Las clases de Castellano ocuparon un lugar central en el programa escolar del siglo XIX. Por entonces el porcentaje de alfabetización sólo alcanzaba un 13% de la población. Es por ello que la Ley Orgánica de 1860 priorizó su enseñanza.
Para las autoridades decimonónicas, la lecto-escritura era parte del progreso intelectual y moral del pueblo, a diferencia de la oralidad que se asociaba con pueblos primitivos e incivilizados. Su enseñanza permitía modelar el carácter al requerir de orden, dedicación y perseverancia.
Los silabarios fueron el principal material de apoyo. Destacan el de Domingo Faustino Sarmiento, Método Gradual de Lectura, oficial desde 1845; El Lector Americano, de José Abelardo Núñez, vigente desde 1883; y el Nuevo Método Fonético Analítico-sintético para la enseñanza simultánea de la lectura y escritura, de Claudio Matte, usado desde 1902.
El cuerpo docente también empleaba láminas didácticas que mostraban las letras del abecedario, su correcta pronunciación en castellano y cómo éstas se dibujaban. Además, ilustraban los contenidos centrales de la instrucción primaria:
- El ser humano y sus roles sociales.
- El hogar y la familia.
- La escuela.
- El entorno social y natural.
- Símbolos y emblemas patrios para reforzar las nociones de nacionalidad e identidad.
La caligrafía se impartía desde el segundo año y se recomendaba porque "es uno de los medios mas poderosos para acostumbrar a los pequeños estudiantes a gobernar su cuerpo, a tener buena y elegante postura, a la limpieza i el aseo" (Programa de Instrucción Primaria, 1893: 21).

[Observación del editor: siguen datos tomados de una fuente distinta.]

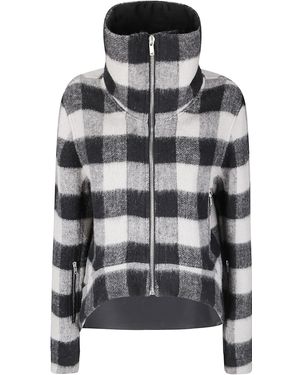 Rick Owens Asymmetric Short Wool Jacket With High Collar - Grey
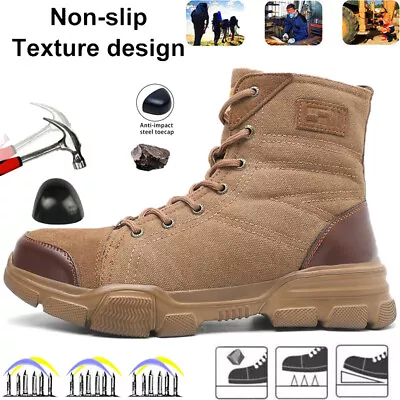 Mens Steel Toe Work Boots Indestructible Safety Shoes Non Slip Boots Size8-13 • $46.91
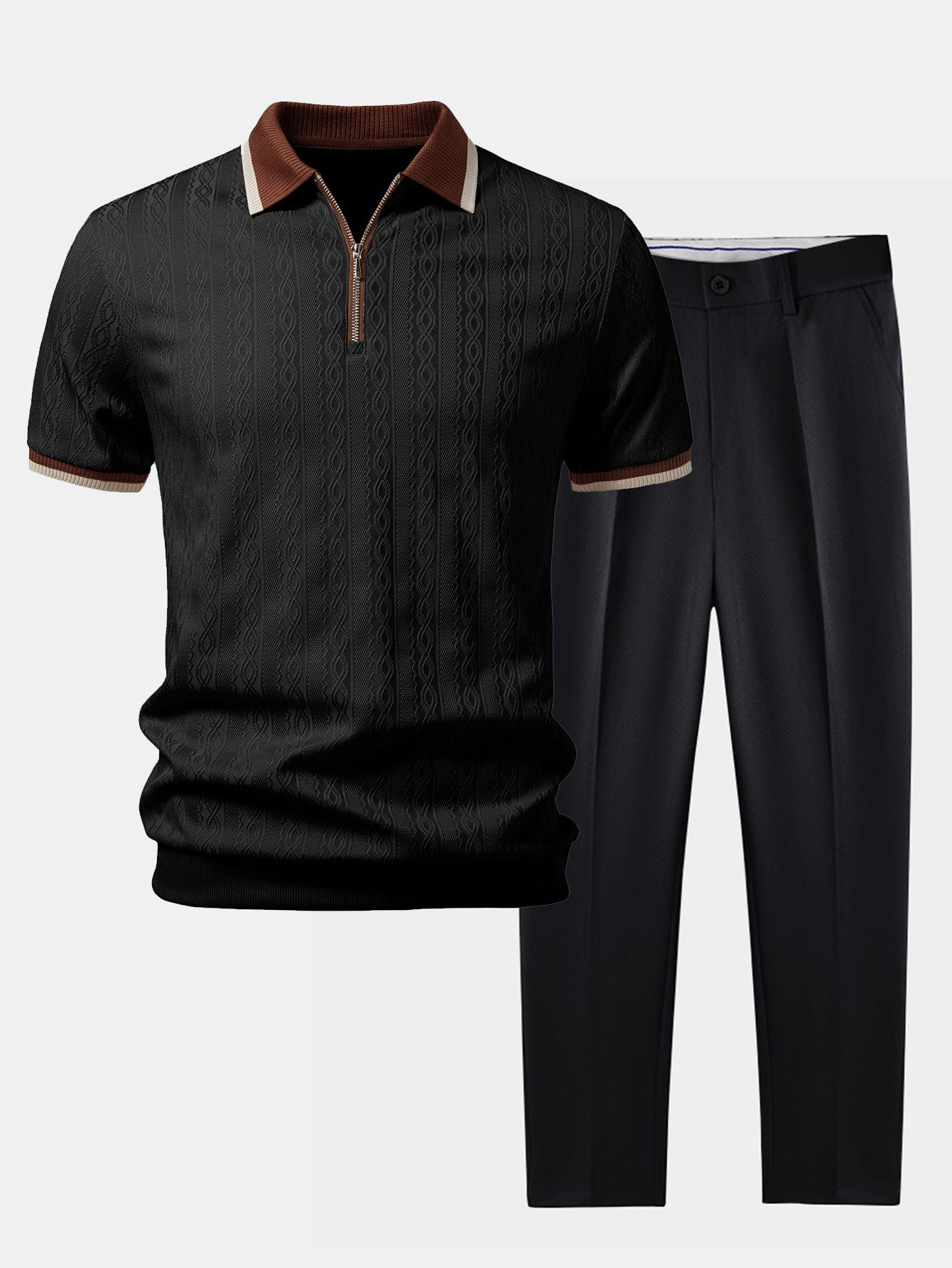 Modern Contrast Trim Textured Knit Polo & Tapered Pants Set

En la educación secundaria se incorporaba la lectura de clásicos universales, el estudio de ortografía, gramática y sintaxis, y la historia de la lengua castellana.
Nuevos silabarios y textos de estudio se crearon a partir de 1940 para acercar las letras a niños, niñas y adultos analfabetos de sectores marginados. Ejemplo de ello fueron El Lector del Obrero Chileno, y el Silabario del Huaso Chileno.